In 2009, Crafton and Fein sold Martin Kelly Capital Management to Sun Trust for a reported $2.7 million.

"Defendants, in their position, each had a fiduciary duty to promptly inform and disseminate accurate and truthful information and to correct any misleading omissions of fact regarding the financial condition, performance, operations, financial statements, and investments that defendants made on plaintiff's behalf," the complaint states.

"Despite this affirmative duty placed upon each defendant, each knowingly and intentionally made, or participated in making or reviewed misleading statements and omissions of material fact in order to carry out investment transactions that were not in plaintiff's best interests and were not suitable given plaintiff's risk tolerance."

Terry says Crafton and Fein recommended he use a specific accountant to prepare and file his tax returns.
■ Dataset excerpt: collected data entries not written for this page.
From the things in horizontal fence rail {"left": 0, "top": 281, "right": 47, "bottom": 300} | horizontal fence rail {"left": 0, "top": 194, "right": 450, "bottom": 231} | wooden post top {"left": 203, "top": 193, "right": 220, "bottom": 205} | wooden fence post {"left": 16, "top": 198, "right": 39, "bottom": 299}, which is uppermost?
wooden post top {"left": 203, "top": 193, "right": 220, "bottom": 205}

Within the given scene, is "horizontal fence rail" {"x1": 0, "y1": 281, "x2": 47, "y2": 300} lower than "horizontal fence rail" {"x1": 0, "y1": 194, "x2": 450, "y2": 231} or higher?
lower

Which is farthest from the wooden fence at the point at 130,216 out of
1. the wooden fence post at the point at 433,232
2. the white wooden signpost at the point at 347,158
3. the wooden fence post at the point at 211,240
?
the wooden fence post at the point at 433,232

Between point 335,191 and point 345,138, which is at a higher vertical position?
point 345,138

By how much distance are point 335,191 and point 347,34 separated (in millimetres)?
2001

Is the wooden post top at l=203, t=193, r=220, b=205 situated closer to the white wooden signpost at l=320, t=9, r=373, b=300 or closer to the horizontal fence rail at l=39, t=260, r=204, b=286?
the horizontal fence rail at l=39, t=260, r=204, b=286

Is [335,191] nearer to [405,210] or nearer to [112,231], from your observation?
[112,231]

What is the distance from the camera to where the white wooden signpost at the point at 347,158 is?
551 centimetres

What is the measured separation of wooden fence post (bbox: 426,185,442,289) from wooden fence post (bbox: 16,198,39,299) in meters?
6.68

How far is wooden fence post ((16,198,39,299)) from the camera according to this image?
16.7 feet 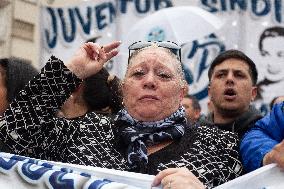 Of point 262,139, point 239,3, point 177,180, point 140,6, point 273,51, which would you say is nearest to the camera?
point 177,180

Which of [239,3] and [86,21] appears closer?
[239,3]

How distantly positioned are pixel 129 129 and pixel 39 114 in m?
0.34

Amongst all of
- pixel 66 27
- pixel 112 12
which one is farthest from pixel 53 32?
pixel 112 12

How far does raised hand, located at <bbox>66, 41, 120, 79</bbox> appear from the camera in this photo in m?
2.55

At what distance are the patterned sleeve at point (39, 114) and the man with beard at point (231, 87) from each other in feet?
3.35

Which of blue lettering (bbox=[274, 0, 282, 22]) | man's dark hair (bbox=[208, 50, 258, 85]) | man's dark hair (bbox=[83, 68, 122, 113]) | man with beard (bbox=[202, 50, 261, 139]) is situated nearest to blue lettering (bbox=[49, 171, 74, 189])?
man's dark hair (bbox=[83, 68, 122, 113])

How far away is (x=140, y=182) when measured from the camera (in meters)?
1.95

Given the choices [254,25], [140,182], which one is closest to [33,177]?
[140,182]

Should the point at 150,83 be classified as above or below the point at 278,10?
below

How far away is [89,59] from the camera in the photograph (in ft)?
8.54

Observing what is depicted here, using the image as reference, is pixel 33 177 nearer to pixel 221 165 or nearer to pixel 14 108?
Result: pixel 14 108

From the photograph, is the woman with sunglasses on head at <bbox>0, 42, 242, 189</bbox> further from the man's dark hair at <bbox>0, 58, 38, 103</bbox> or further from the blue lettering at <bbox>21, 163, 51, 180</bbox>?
the man's dark hair at <bbox>0, 58, 38, 103</bbox>

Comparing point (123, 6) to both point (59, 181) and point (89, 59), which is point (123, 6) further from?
point (59, 181)

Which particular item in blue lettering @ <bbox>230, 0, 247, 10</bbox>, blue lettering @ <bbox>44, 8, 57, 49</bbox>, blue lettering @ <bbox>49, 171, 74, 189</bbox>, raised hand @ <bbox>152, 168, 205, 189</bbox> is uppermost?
blue lettering @ <bbox>230, 0, 247, 10</bbox> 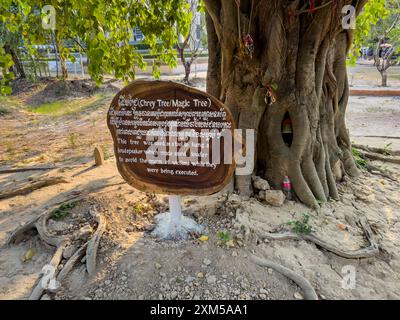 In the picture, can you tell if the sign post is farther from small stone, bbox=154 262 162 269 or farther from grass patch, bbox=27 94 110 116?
grass patch, bbox=27 94 110 116

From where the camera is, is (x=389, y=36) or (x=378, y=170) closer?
(x=378, y=170)

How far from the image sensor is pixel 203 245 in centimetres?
282

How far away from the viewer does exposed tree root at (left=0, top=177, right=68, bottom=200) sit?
13.6 ft

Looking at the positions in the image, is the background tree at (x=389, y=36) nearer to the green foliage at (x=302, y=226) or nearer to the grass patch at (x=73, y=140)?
the green foliage at (x=302, y=226)

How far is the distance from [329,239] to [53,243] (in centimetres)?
260

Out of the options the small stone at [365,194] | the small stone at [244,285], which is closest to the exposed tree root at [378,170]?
the small stone at [365,194]

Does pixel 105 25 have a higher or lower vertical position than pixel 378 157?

Terry calls this a "tactical move to enhance and maintain their ultimate control over plaintiff's assets."

The complaint states: "Crafton specifically told plaintiff that plaintiff could, at any time, get out of the investments Crafton placed plaintiff in because he said very investment he placed plaintiff in was a very safe, liquid asset.
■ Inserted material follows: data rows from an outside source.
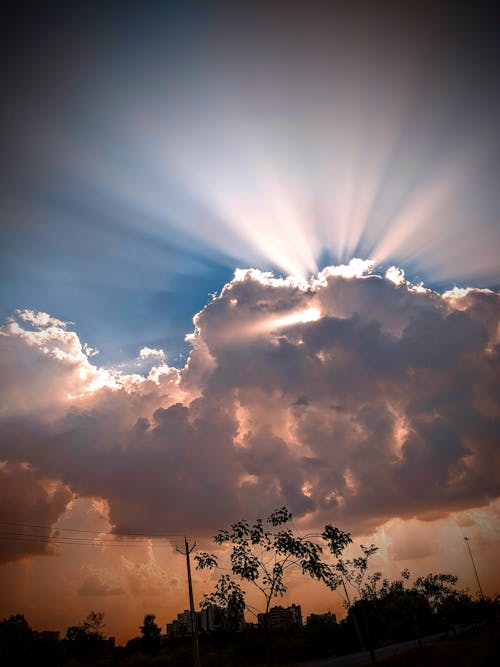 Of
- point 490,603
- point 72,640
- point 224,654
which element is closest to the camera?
point 224,654

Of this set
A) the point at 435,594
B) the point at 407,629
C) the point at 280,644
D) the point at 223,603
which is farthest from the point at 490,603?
the point at 223,603

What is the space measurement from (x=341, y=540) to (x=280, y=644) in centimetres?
5725

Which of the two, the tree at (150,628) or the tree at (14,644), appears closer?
the tree at (14,644)

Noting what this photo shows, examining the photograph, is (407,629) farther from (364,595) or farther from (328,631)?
(364,595)

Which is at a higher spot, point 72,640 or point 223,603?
point 223,603

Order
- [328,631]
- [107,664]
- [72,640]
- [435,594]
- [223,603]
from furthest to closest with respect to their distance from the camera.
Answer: [72,640], [328,631], [435,594], [107,664], [223,603]

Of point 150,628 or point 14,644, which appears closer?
point 14,644

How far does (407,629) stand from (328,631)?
29790 mm

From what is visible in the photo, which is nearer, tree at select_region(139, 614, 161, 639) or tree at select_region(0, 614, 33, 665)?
tree at select_region(0, 614, 33, 665)

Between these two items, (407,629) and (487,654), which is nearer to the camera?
(487,654)

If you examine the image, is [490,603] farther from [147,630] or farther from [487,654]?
[487,654]

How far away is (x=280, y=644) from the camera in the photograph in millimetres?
77875

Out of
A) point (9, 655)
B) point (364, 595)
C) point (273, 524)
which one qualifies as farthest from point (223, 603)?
point (9, 655)

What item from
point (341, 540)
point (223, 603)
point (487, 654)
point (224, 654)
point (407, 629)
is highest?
Answer: point (341, 540) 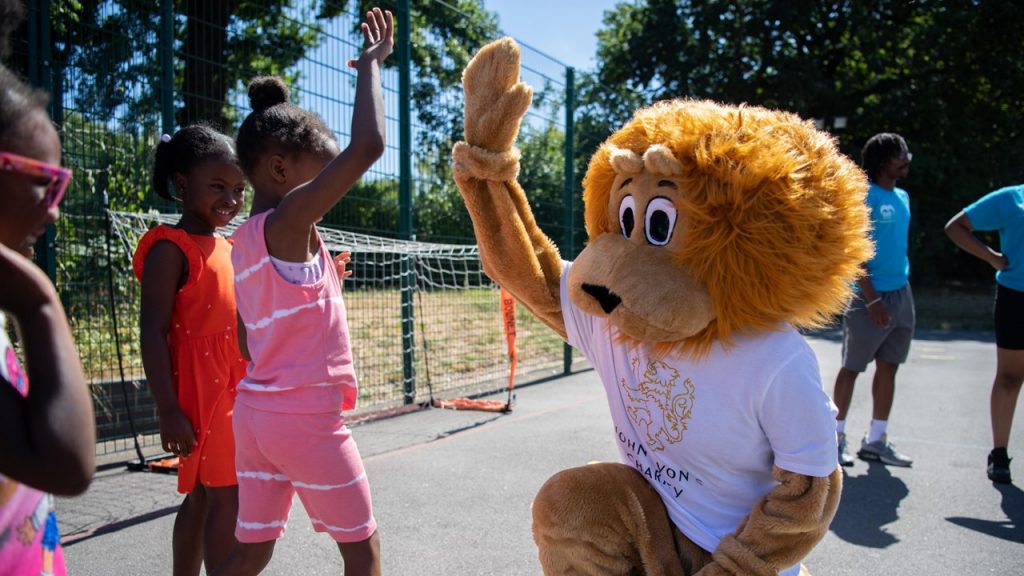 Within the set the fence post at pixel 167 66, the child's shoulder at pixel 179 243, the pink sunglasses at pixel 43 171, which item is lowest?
the child's shoulder at pixel 179 243

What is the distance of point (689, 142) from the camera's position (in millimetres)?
1824

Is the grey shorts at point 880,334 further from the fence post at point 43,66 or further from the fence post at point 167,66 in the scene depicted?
the fence post at point 43,66

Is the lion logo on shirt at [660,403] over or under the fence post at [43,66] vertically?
under

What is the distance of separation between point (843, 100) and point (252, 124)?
22.1 m

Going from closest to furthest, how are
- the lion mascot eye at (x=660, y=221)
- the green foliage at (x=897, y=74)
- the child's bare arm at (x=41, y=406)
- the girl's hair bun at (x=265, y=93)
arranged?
the child's bare arm at (x=41, y=406) → the lion mascot eye at (x=660, y=221) → the girl's hair bun at (x=265, y=93) → the green foliage at (x=897, y=74)

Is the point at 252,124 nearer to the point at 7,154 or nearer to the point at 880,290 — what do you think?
the point at 7,154

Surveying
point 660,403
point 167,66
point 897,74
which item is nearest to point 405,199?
point 167,66

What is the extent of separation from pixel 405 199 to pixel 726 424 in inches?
197

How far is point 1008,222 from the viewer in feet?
14.8

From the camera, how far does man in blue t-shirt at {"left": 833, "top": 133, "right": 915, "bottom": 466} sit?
474cm

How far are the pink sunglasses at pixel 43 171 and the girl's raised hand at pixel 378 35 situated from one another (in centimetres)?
108

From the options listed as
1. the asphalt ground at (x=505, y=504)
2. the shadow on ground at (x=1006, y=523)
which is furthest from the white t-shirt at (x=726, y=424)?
the shadow on ground at (x=1006, y=523)

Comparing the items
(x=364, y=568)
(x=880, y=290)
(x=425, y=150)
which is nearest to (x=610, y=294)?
(x=364, y=568)

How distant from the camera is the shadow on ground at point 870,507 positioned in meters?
3.62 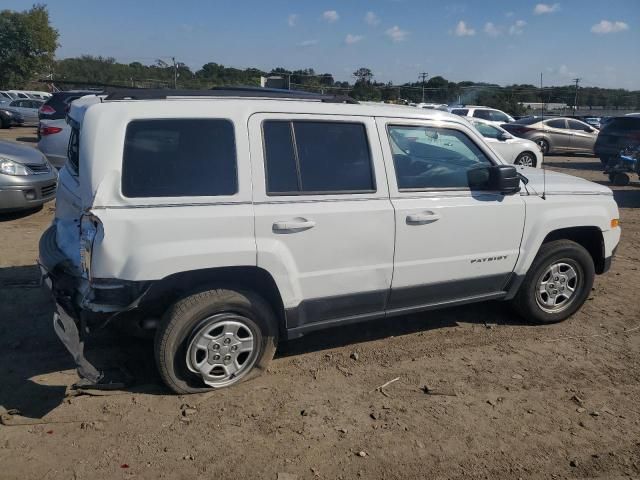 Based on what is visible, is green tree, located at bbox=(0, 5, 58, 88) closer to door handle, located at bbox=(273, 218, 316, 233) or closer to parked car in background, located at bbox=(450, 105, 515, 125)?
parked car in background, located at bbox=(450, 105, 515, 125)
"However, contrary to his express representations, defendant Crafton placed plaintiff in high-risk, alternative investments, which were Ponzi schemes or other fraudulent investments run, managed, controlled, operated and/or created by individuals with whom Crafton had a personal relationship, business dealings or kickback agreements. These investments were unsuitable and illiquid and Crafton had some financial interest and undisclosed relationship with each investment that was never disclosed to plaintiff."

Terry claims the defendants changed investment strategies and concentrated his portfolio in "unsuitable, privately held, unsecured, illiquid securities."

"Crafton knowingly made false and material misrepresentations to plaintiff before the date Crafton placed plaintiff into certain high-risk, illiquid investments by stating he would take plaintiff's money and invest it in safe investments that would provide a steady stream of income to plaintiff throughout plaintiff's life," the complaint states.

But Terry claims the defendants "did not invest plaintiff's money in safe investments and did not provide high-quality wealth management services, but rather misappropriated his funds for Crafton's personal use; invested plaintiff's money in illiquid, high risk, alternative investments; invested plaintiff's money in Ponzi schemes run by his friends and colleagues and/or transferred and/or commingled plaintiff's money among other investors and athletes whom Crafton represented to prevent them from discovering Crafton's frauds, schemes and poor investment strategy as well as plaintiff's financial losses."

Terry claims he was unaware of any of this until November 2010, when he reviewed an investment account statement and noticed that one of his largest investments was listed as "pending litigation."

With that, he said, he knew that one and possibly more of his investments were essentially worthless.

Terry seeks disgorgement of management fees and ill-gotten gains and punitive damages for misrepresentation, mismanagement, fraud, omissions, concealment, negligence, lack of supervision, breach of fiduciary duty and other wrongful conduct.

He is represented by Andrew W. Smith with Smithbridge LLP in Philadelphia.